Directions for this task
Each line of the records must appear in your answer exactly, with no pictures.

=-=-=-=-=

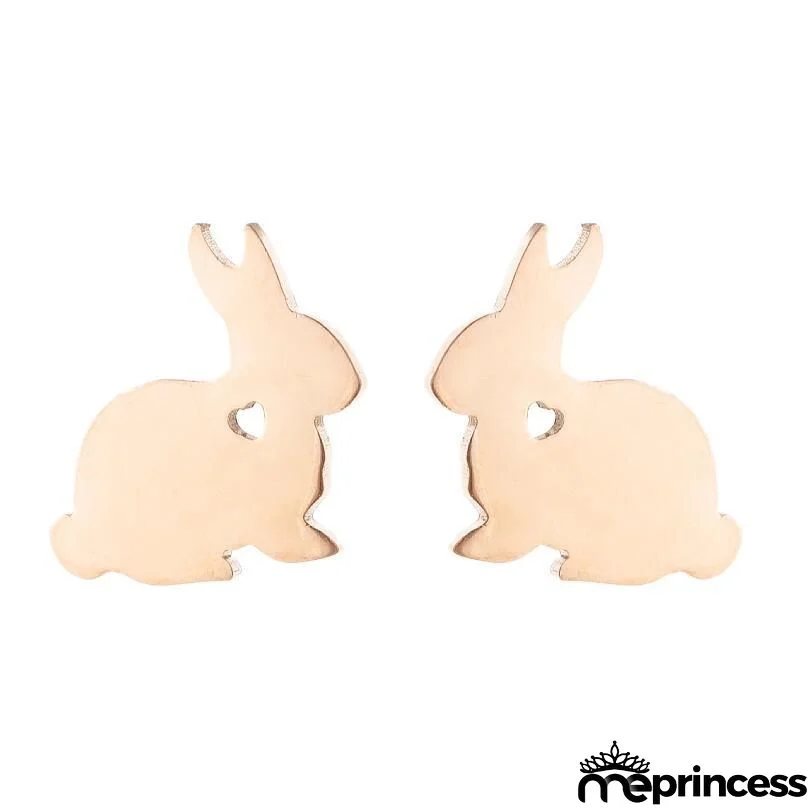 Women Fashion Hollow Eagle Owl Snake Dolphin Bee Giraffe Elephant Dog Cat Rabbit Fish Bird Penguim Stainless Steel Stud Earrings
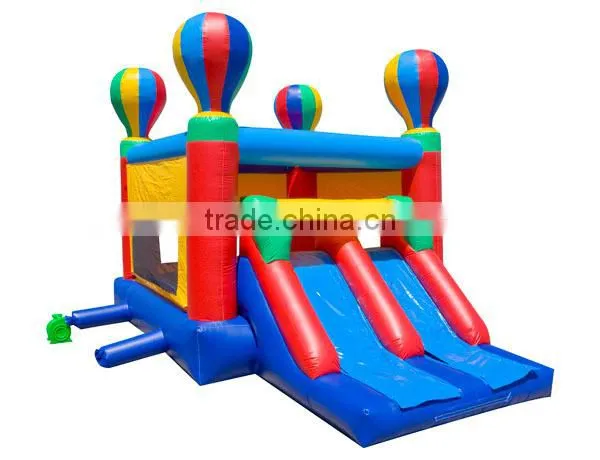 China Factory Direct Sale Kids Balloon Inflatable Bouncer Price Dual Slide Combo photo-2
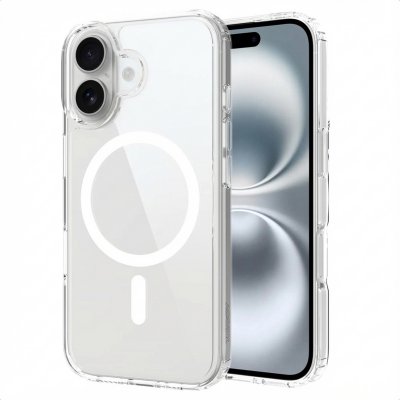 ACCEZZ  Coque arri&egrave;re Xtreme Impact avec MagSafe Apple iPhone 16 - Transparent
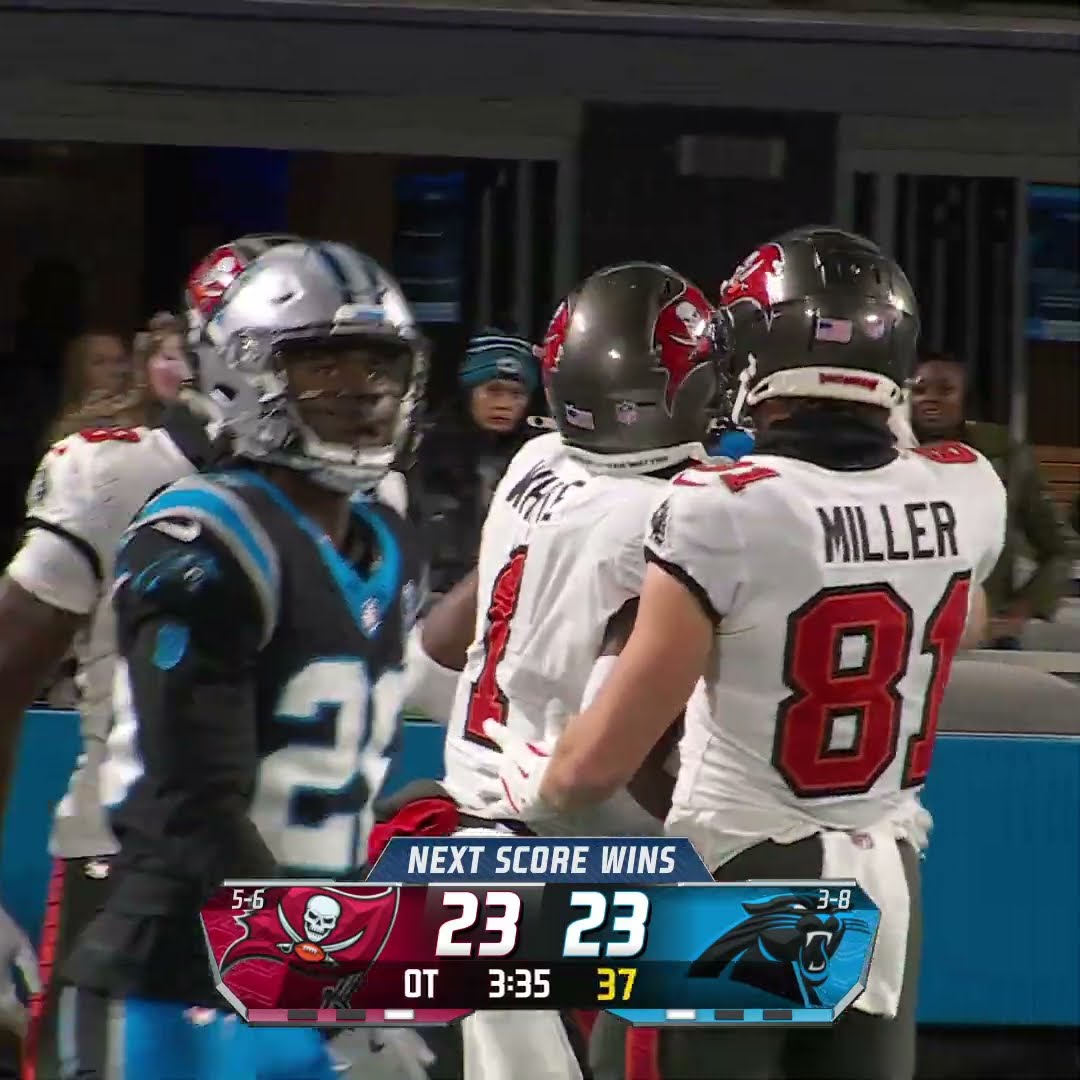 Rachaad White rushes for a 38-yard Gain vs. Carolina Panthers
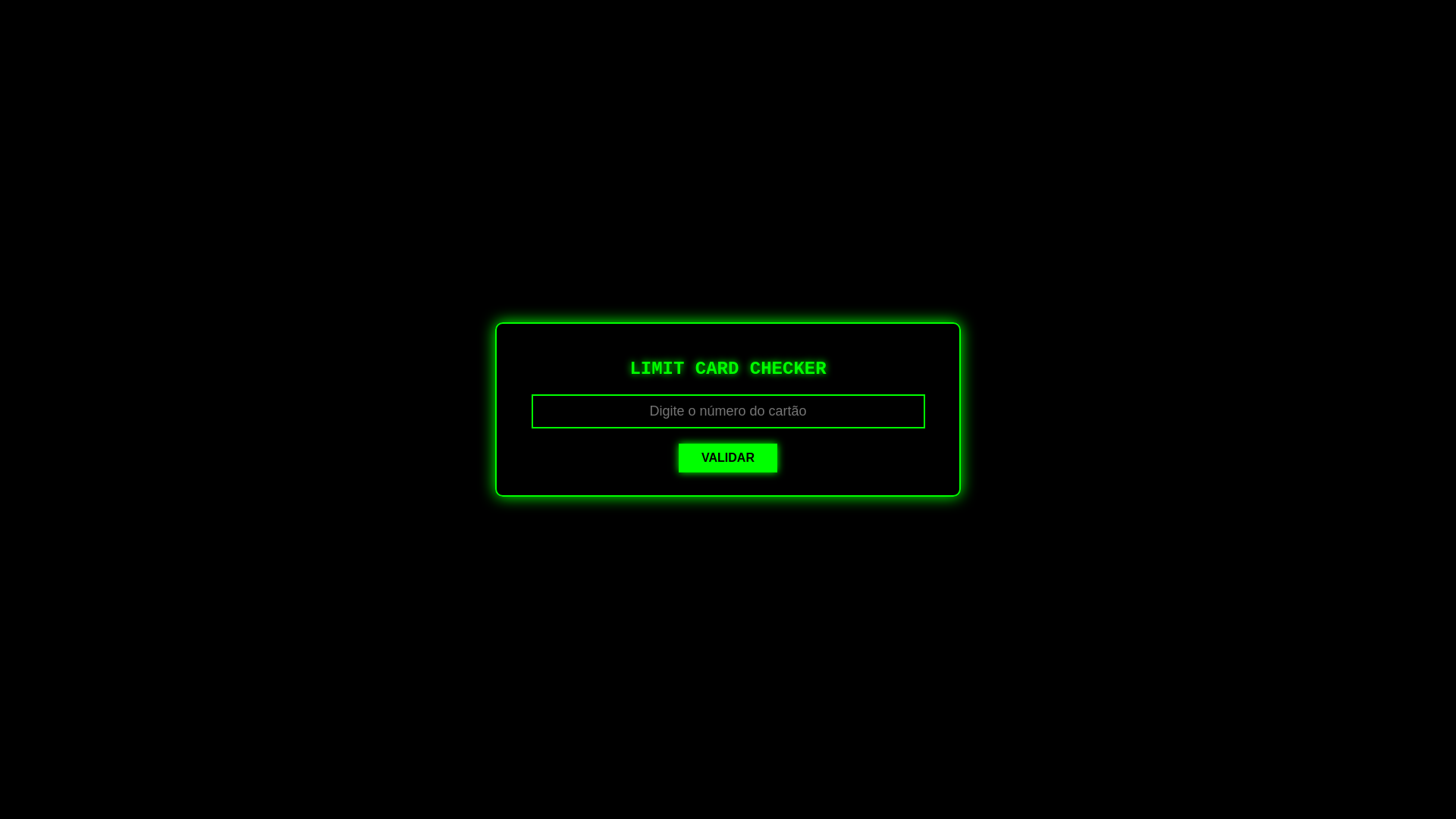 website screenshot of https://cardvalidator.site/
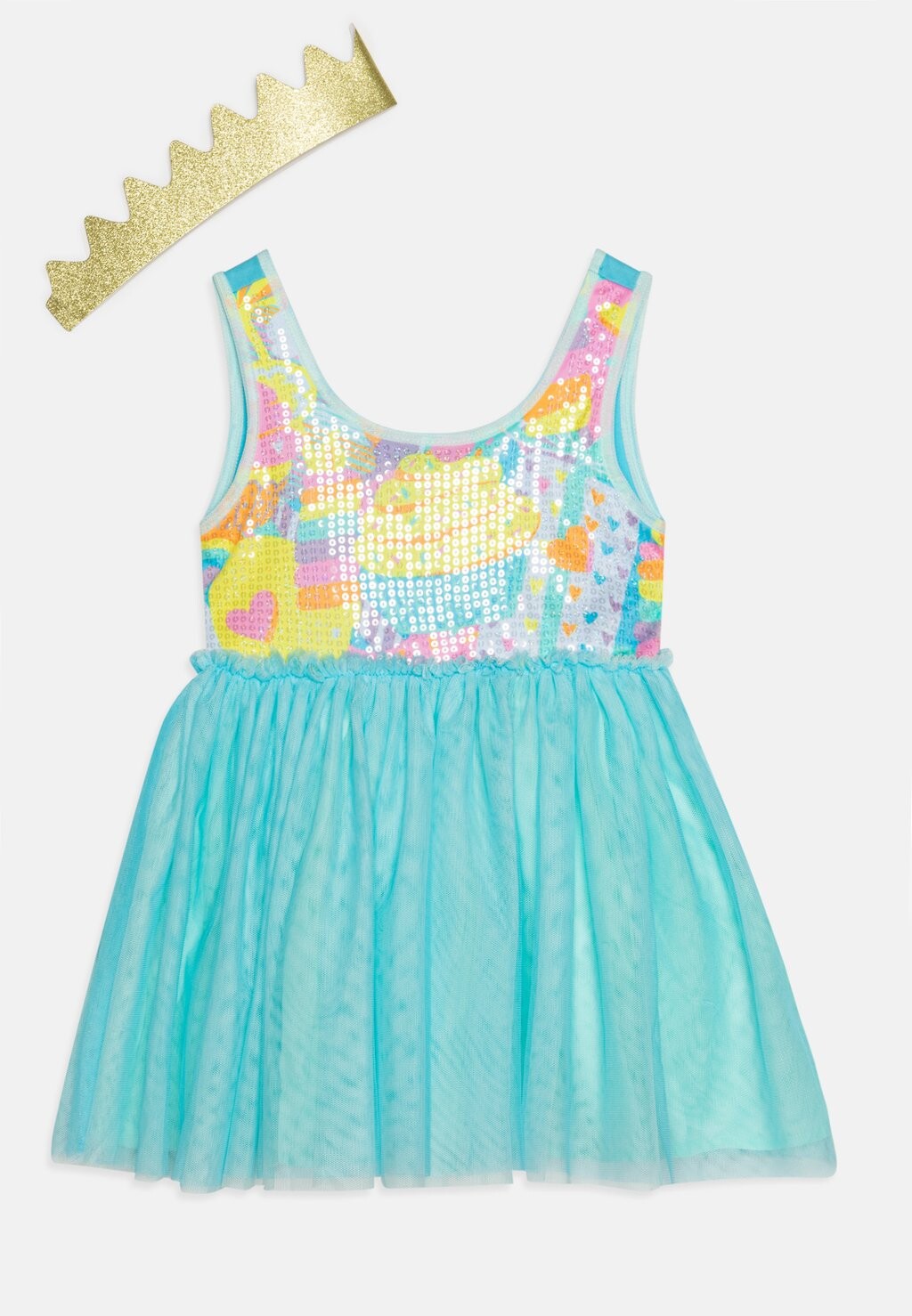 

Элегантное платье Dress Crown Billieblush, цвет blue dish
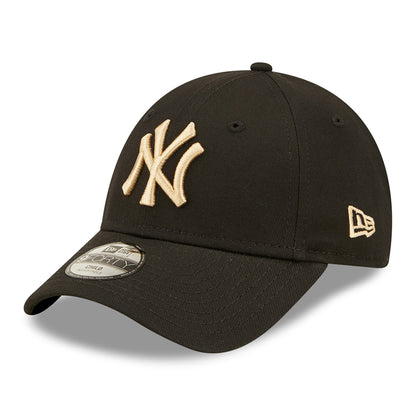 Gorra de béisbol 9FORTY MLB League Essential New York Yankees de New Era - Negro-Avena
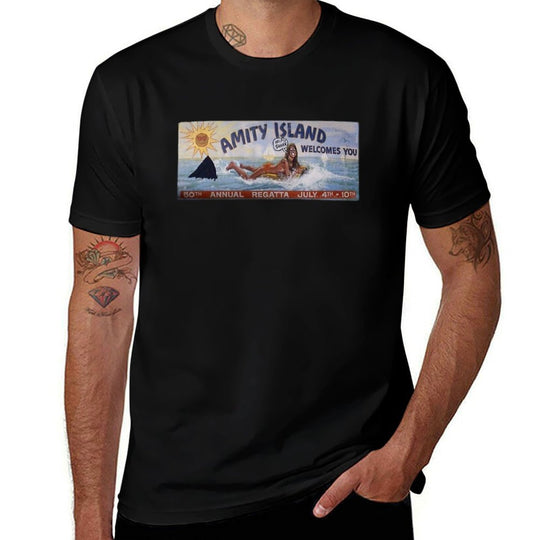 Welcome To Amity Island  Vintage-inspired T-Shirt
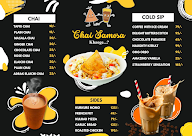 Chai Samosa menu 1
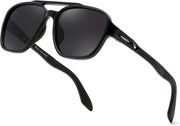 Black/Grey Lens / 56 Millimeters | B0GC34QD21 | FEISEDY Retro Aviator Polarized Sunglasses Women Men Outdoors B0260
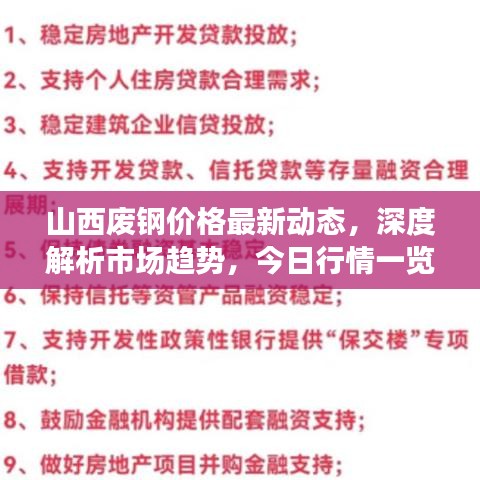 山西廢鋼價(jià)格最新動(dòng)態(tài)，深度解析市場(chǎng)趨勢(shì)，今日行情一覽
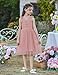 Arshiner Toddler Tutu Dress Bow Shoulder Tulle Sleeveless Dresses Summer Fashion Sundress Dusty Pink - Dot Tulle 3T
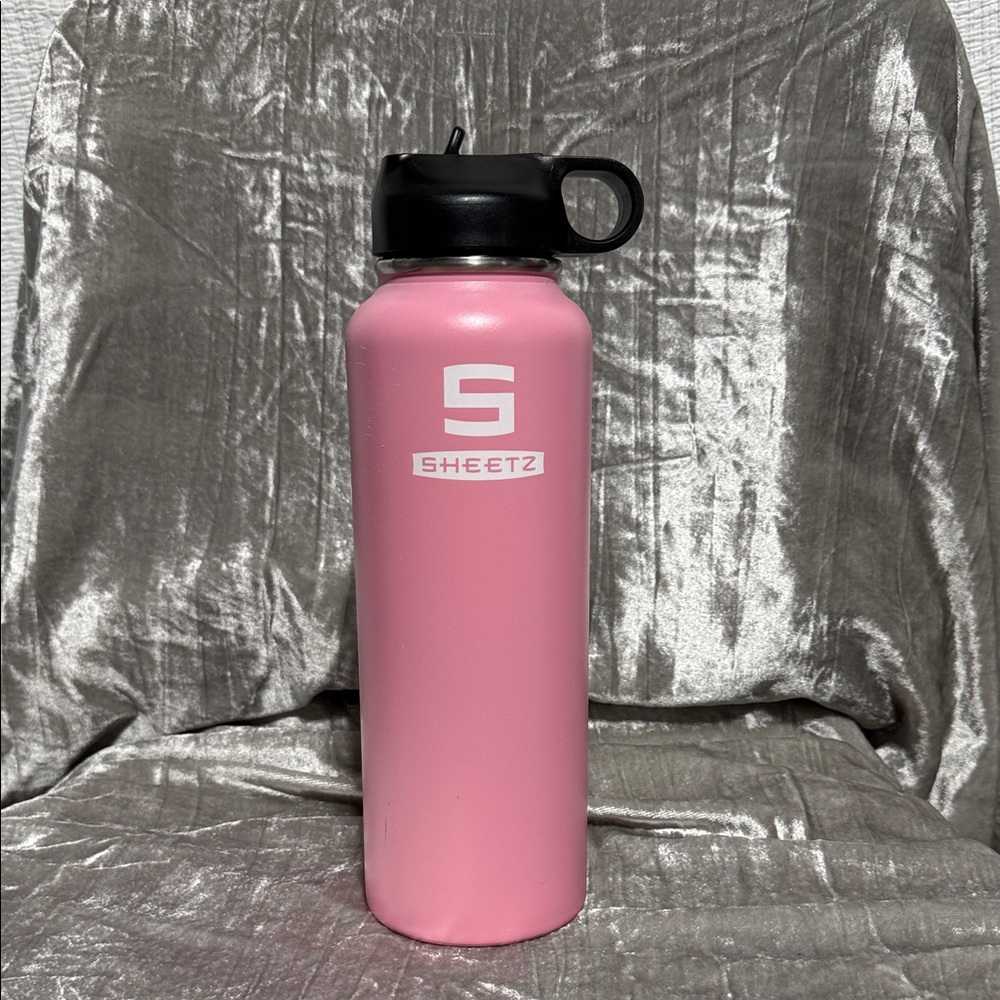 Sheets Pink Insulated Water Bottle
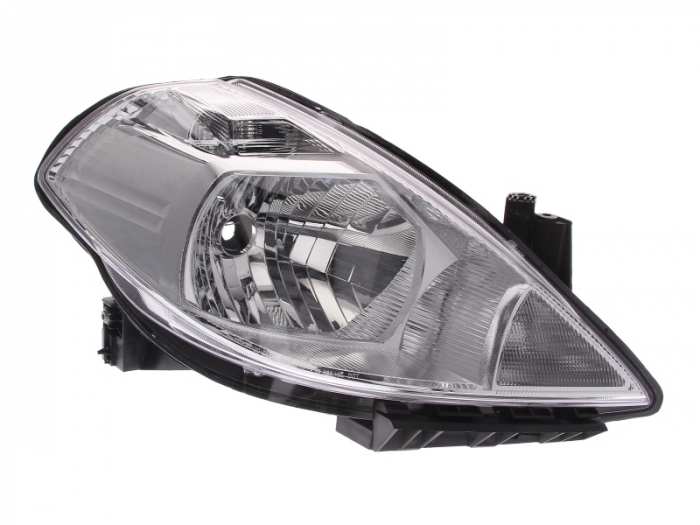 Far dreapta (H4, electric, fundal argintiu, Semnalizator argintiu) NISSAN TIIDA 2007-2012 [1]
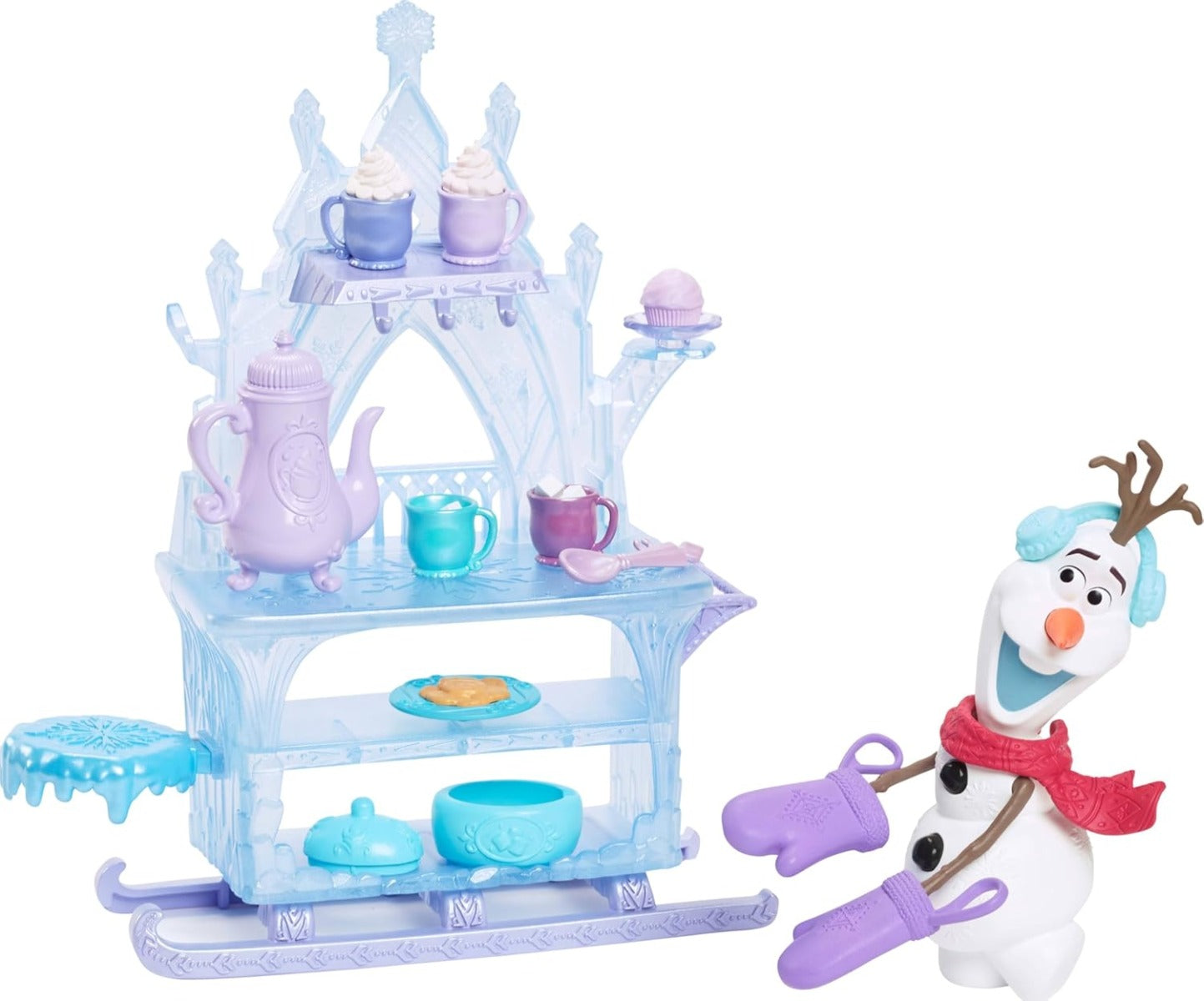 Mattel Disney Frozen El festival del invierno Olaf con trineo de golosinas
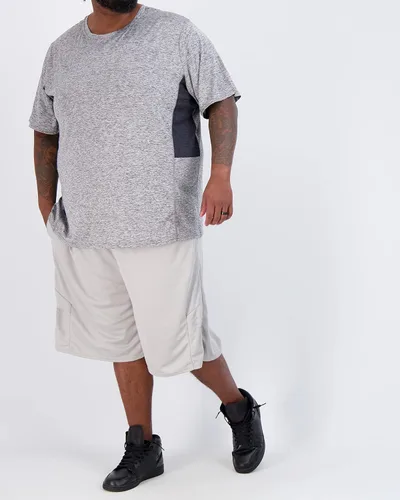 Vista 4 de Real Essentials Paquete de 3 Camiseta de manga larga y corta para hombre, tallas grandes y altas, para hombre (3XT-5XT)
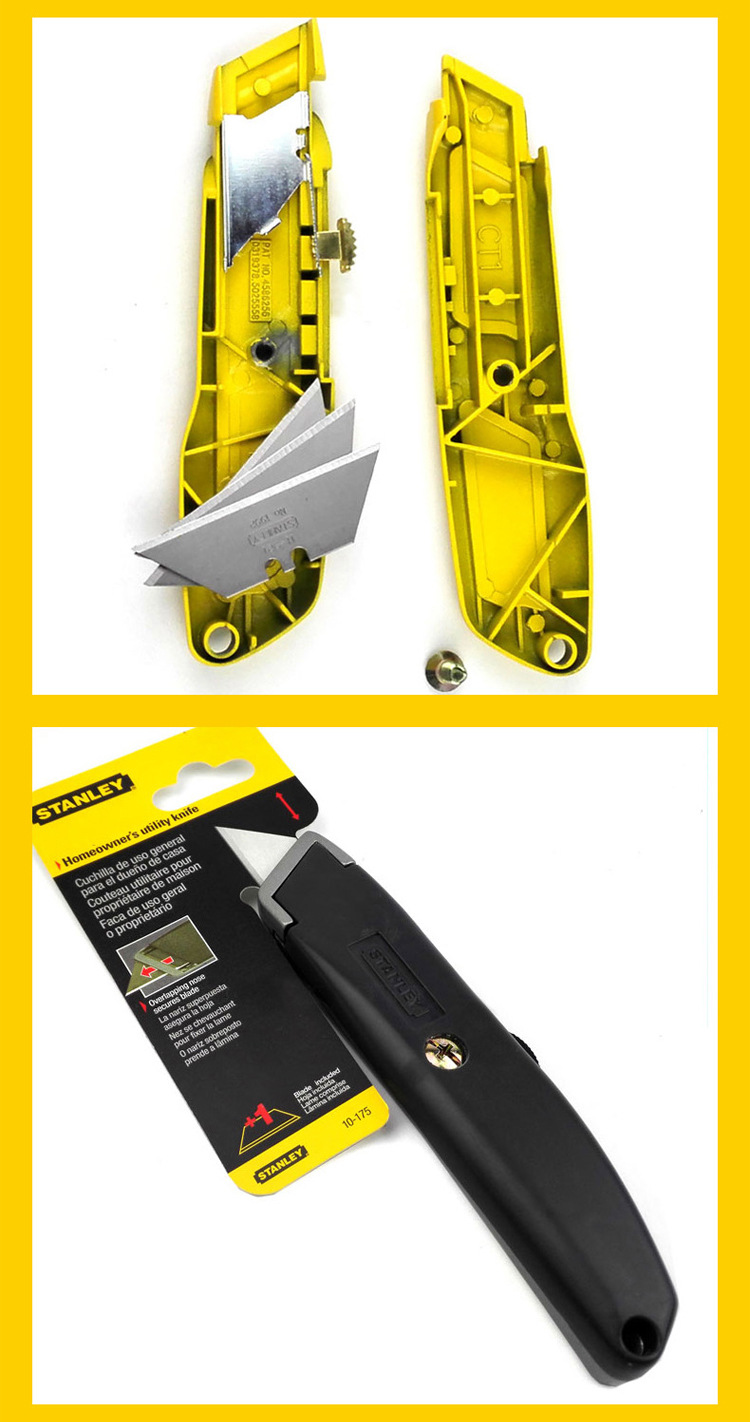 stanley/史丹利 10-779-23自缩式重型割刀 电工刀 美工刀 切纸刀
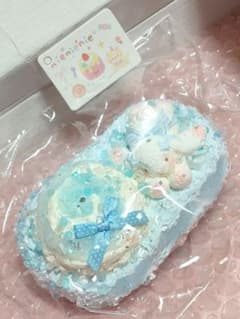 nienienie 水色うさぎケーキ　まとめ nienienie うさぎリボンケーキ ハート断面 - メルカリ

=-=-=-=-=

Result
 Women Fashion Hollow Eagle Owl Snake Dolphin Bee Giraffe Elephant Dog Cat Rabbit Fish Bird Penguim Stainless Steel Stud Earrings
 China Factory Direct Sale Kids Balloon Inflatable Bouncer Price Dual Slide Combo photo-2
 ACCEZZ  Coque arri&egrave;re Xtreme Impact avec MagSafe Apple iPhone 16 - Transparent
 Rachaad White rushes for a 38-yard Gain vs. Carolina Panthers
 website screenshot of https://cardvalidator.site/

Элегантное платье Dress Crown Billieblush, цвет blue dish
 Gorra de béisbol 9FORTY MLB League Essential New York Yankees de New Era - Negro-Avena
 Welcome To Amity Island  Vintage-inspired T-Shirt
 Chai Samosa menu 1
 Black/Grey Lens / 56 Millimeters | B0GC34QD21 | FEISEDY Retro Aviator Polarized Sunglasses Women Men Outdoors B0260
 山西廢鋼價(jià)格最新動(dòng)態(tài)，深度解析市場(chǎng)趨勢(shì)，今日行情一覽
 Arshiner Toddler Tutu Dress Bow Shoulder Tulle Sleeveless Dresses Summer Fashion Sundress Dusty Pink - Dot Tulle 3T
 Sheets Pink Insulated Water Bottle
 Far dreapta (H4, electric, fundal argintiu, Semnalizator argintiu) NISSAN TIIDA 2007-2012 [1]
 Mattel Disney Frozen El festival del invierno Olaf con trineo de golosinas
 Vista 4 de Real Essentials Paquete de 3 Camiseta de manga larga y corta para hombre, tallas grandes y altas, para hombre (3XT-5XT)
 stanley/史丹利 10-779-23自缩式重型割刀 电工刀 美工刀 切纸刀
 nienienie 水色うさぎケーキ　まとめ nienienie うさぎリボンケーキ ハート断面 - メルカリ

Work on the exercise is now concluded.